According to the Globe, Massachusetts child labor laws were bolstered in 2007 after several fatal on-the-job accidents involving teenagers.  These laws regulate the number of hours and times of day that minors can work, and also prohibit minors from working in certain high-risk jobs or using dangerous equipment.  With the tightening of the laws came an initial burst of increased enforcement activity.  Of the more than 3,500 citations issued since 2007, the Globe study found that two-thirds were issued between 2007 and 2009.  By contrast, less than 200 citations were issued last year.

Some have attributed the decrease in violations to greater awareness among employers about child labor laws.  Also, the poor economy has resulted in fewer minors in the workforce in recent years as more out-of-work adults take jobs traditionally held by teens.  Others have pointed to decreased enforcement activity by the AG’s office, noting that there hasn’t been a statewide sweep of shopping centers since 2008.  Also, about a quarter of the AG’s Fair Labor Division’s inspector positions (5 out of 19) were eliminated in 2011.
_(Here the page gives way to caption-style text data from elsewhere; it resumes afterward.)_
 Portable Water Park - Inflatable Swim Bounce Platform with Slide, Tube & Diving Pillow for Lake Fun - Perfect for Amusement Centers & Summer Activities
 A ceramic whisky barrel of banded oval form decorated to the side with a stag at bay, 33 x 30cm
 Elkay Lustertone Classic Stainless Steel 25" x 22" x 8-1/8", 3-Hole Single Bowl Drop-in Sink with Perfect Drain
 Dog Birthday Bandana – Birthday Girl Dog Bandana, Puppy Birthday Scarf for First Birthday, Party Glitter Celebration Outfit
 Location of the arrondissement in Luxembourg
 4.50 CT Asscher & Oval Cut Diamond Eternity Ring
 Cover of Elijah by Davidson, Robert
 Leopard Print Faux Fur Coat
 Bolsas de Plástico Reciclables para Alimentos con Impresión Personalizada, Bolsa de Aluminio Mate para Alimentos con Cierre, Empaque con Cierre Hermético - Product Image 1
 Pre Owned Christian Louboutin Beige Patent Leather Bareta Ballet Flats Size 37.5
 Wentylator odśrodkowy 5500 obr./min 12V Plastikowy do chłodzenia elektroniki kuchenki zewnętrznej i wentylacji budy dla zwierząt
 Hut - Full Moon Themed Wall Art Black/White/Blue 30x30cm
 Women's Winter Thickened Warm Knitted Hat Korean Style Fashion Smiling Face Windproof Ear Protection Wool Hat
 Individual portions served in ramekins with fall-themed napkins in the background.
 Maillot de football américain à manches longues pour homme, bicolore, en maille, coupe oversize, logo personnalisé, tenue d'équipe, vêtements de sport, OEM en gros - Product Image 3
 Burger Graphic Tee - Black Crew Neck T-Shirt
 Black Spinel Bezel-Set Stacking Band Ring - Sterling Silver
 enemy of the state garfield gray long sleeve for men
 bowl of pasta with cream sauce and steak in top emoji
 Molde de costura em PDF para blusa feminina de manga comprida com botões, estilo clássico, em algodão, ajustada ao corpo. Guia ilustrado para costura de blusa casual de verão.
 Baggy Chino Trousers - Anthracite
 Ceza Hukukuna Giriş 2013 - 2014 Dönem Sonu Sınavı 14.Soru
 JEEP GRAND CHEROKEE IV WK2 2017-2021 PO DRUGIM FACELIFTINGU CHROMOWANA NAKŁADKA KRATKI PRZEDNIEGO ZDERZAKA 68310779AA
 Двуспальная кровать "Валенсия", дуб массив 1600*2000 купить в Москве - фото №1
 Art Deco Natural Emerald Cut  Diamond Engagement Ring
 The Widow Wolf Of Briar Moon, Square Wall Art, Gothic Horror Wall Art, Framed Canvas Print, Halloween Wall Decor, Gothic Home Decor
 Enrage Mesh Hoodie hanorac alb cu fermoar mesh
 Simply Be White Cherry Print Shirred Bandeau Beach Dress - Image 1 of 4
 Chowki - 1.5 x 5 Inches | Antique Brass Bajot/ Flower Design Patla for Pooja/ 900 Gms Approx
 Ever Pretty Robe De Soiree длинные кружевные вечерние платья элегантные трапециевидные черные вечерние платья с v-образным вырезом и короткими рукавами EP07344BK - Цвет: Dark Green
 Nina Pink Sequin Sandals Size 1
Even so, the AG’s office maintains that it continues to actively enforce child labor laws, including a recent $158,000 settlement with the Ruby Tuesday’s restaurant chain cited in the Globe’s story.  Also the AG’s office says that it plans to hire additional fair labor division inspectors this year.

Massachusetts employers planning on hiring minors this summer should consult with an attorney now to ensure that their policies comply with the state’s child labor laws.